Regression tests are added for the shapes handled by the fast path and
for invalid inputs that must still be rejected.

Reviewed-by: Bharath Rupireddy <bharath.rupireddyforpostgres@gmail.com>
Reviwed-by: Haibo Yan <tristan.yim@gmail.com>
Discussion: https://postgr.es/m/CAD21AoCqeR4UQU77Q_yOMNNzJ7AVeiO5QZT+4HnzPm4Wm-e02Q@mail.gmail.com
---
 src/backend/utils/adt/uuid.c       | 101 +++++++++++++++++++++++++++--
 src/test/regress/expected/uuid.out |  55 ++++++++++++++++
 src/test/regress/sql/uuid.sql      |  16 +++++
 3 files changed, 167 insertions(+), 5 deletions(-)

diff --git a/src/backend/utils/adt/uuid.c b/src/backend/utils/adt/uuid.c
index 6ee3752ac78..bbfecd26d49 100644
--- a/src/backend/utils/adt/uuid.c
+++ b/src/backend/utils/adt/uuid.c
@@ -19,7 +19,9 @@
 #include "common/hashfn.h"
 #include "lib/hyperloglog.h"
 #include "libpq/pqformat.h"
+#include "nodes/miscnodes.h"
 #include "port/pg_bswap.h"
+#include "utils/builtins.h"
 #include "utils/fmgrprotos.h"
 #include "utils/guc.h"
 #include "utils/skipsupport.h"
@@ -122,13 +124,10 @@ uuid_out(PG_FUNCTION_ARGS)
 }
 
 /*
- * We allow UUIDs as a series of 32 hexadecimal digits with an optional dash
- * after each group of 4 hexadecimal digits, and optionally surrounded by {}.

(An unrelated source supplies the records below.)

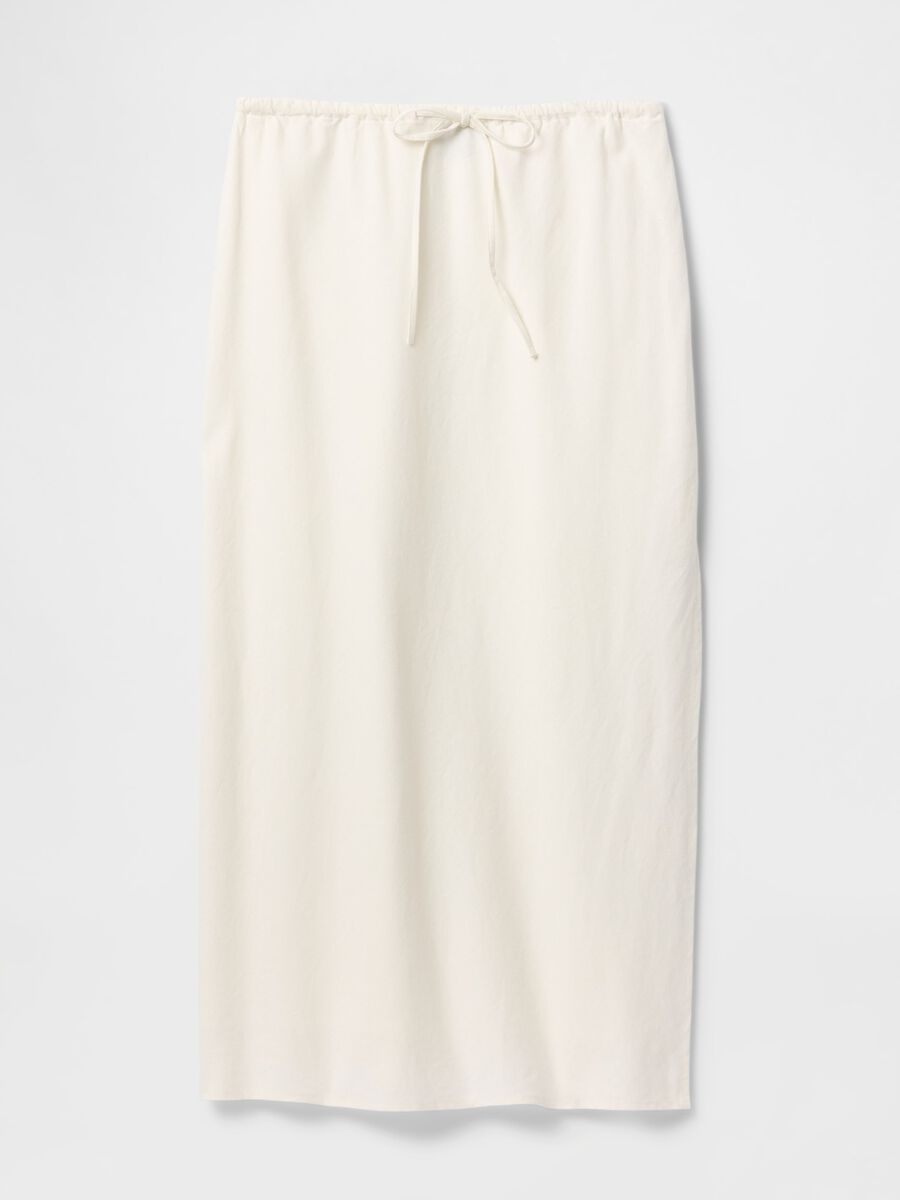 Long white skirt in linen and viscose_3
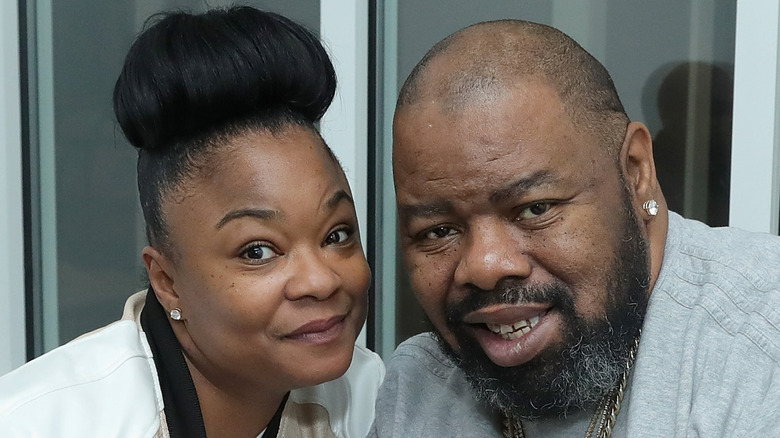 Biz Markie posing with Roxanne Shante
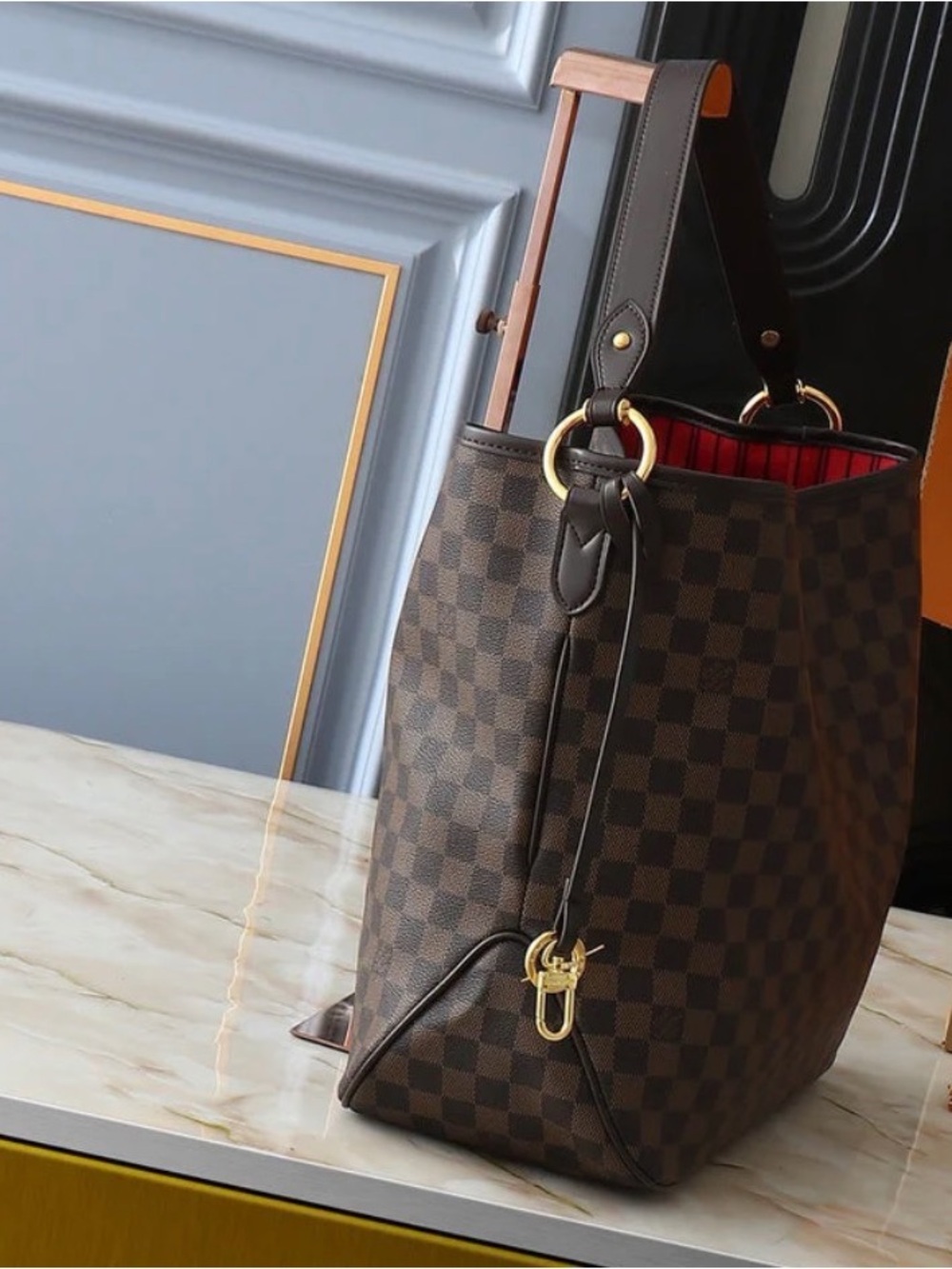 Louis Vuitton Brown Damier Ebene Hobo with Red Interior - Picture 5 of 12
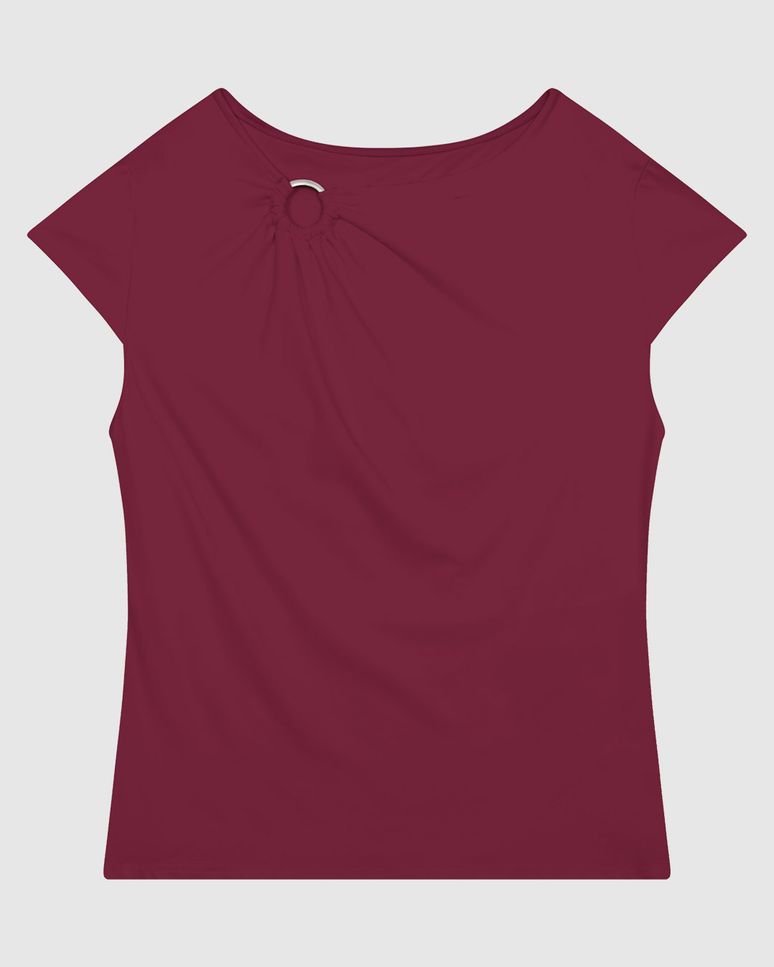 Blusa Justa Feminina Detalhe Vazado Com Argola Em Malha Conforto Dry - ENFIM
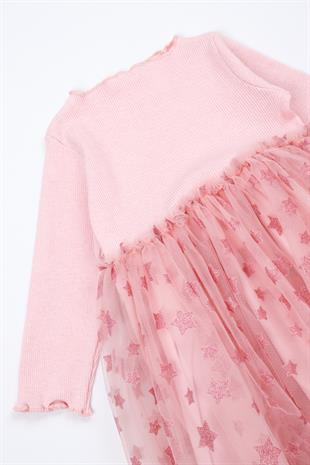 Pudra Yıldız Basklı Tül Etekli Kız Çocuk Elbise - Karen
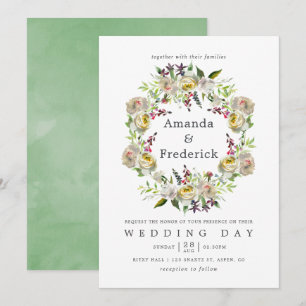 Invitation Mariage floral aquarelle vert sauge et blanc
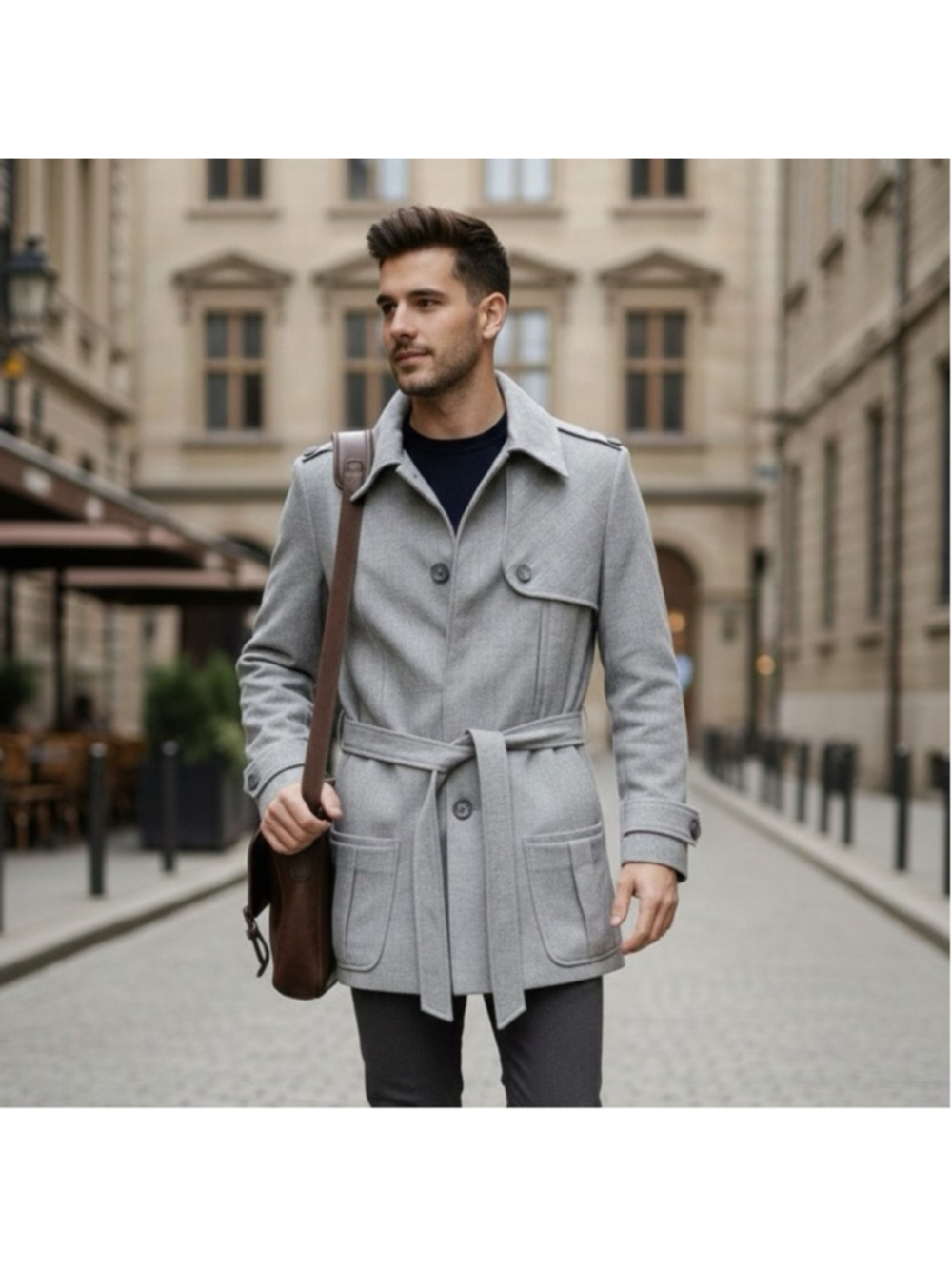 Obakki Light Grey 100% Wool Trench Coat Size S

- * (The canonical format 8x-4x-4x-4x-12x, where "nx" means n hexadecimal
- * digits, is the only one used for output.)
+ * General UUID parser.
  */
 static void
-string_to_uuid(const char *source, pg_uuid_t *uuid, Node *escontext)
+string_to_uuid_scalar(const char *source, pg_uuid_t *uuid, Node *escontext)
 {
 	const char *src = source;
 	bool		braces = false;
@@ -177,6 +176,98 @@ syntax_error:
 					"uuid", source)));
 }
 
+/*
+ * Fast path for the common UUID shapes, built on our SIMD-aware hex decoder.
+ *
+ * This handles a bare string of 32 hex digits and the canonical
+ * 8x-4x-4x-4x-12x form (where "nx" means n hex digits), each optionally
+ * wrapped in braces. Any other shape, or any decoding error, is handed off to
+ * string_to_uuid_scalar() so that parsing and error reporting stay identical
+ * to the scalar implementation.
+ */
+#ifndef	USE_NO_SIMD
+static void
+string_to_uuid_fast(const char *source, pg_uuid_t *uuid, Node *escontext)
+{
+	const char *body = source;
+	size_t		len = strlen(source);
+	const char *hexsrc = NULL;
+	char		hexbuf[32];
+	uint64		written;
+	ErrorSaveContext esctx = {T_ErrorSaveContext};
+
+	/* Strip one optional surrounding brace pair */
+	if (len >= 2 && source[0] == '{' && source[len - 1] == '}')
+	{
+		body = source + 1;
+		len -= 2;
+	}
+
+	if (len == 32)
+	{
+		/*
+		 * Body is already 32 contiguous hex digits -- decode straight from
+		 * the input. hex_decode_safe() reads exactly body[0..31], so it never
+		 * touches the trailing NULL or '}'.
+		 */
+		hexsrc = body;
+	}
+	else if (len == 36 && body[8] == '-' && body[13] == '-' &&
+			 body[18] == '-' && body[23] == '-')
+	{
+		/*
+		 * Canonical 8x-4x-4x-4x-12x form; compact them into hexbuf with
+		 * fixed-offset copies, dropping the dashes.
+		 */
+		memcpy(&hexbuf[0], &body[0], 8);
+		memcpy(&hexbuf[8], &body[9], 4);
+		memcpy(&hexbuf[12], &body[14], 4);
+		memcpy(&hexbuf[16], &body[19], 4);
+		memcpy(&hexbuf[20], &body[24], 12);
+		hexsrc = hexbuf;
+	}
+
+	if (hexsrc == NULL)
+	{
+		/* Uncommon shape; let the general parse handle it */
+		string_to_uuid_scalar(source, uuid, escontext);
+		return;
+	}
+
+	/*
+	 * Decode the UUID hex data using our hex decoder that is SIMD-aware. We
+	 * give it a private error context so that a decode failure is swallowed
+	 * here and reported by the scalar path instead, keeping the error message
+	 * identical.
+	 */
+	written = hex_decode_safe(hexsrc, 32, (char *) uuid->data, (Node *) &esctx);
+
+	/*
+	 * Fall back to the scalar path on any error. We must also reject a short
+	 * result: hex_decode_safe() skips whitespace, so it can succeed yet write
+	 * fewer than UUID_LEN bytes, whereas the UUID grammar forbids whitespace.
+	 */
+	if (esctx.error_occurred || written != UUID_LEN)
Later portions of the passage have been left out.